= Task goal =
Nothing outside the range below should be printed. Output exactly the lines from the line with "STATE OPERA - PRIVATE" to the line with "Tsubasa: Reservoir Chronicle", both included.

= Supplied material =
________________
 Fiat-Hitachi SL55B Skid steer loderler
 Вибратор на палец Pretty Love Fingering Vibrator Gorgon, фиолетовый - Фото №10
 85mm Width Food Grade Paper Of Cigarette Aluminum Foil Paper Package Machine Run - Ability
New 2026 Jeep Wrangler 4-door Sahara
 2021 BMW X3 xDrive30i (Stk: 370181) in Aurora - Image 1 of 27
________________
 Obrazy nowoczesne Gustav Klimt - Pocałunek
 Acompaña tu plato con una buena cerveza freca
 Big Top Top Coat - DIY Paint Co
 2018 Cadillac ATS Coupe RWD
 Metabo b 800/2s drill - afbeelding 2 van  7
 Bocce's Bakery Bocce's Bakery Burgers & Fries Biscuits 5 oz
________________
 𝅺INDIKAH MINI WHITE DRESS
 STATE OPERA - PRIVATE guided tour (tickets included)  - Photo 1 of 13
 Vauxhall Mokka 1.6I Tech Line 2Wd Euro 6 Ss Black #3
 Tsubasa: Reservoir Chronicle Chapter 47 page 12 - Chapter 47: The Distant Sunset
________________
= Expected answer =
 STATE OPERA - PRIVATE guided tour (tickets included)  - Photo 1 of 13
 Vauxhall Mokka 1.6I Tech Line 2Wd Euro 6 Ss Black #3
 Tsubasa: Reservoir Chronicle Chapter 47 page 12 - Chapter 47: The Distant Sunset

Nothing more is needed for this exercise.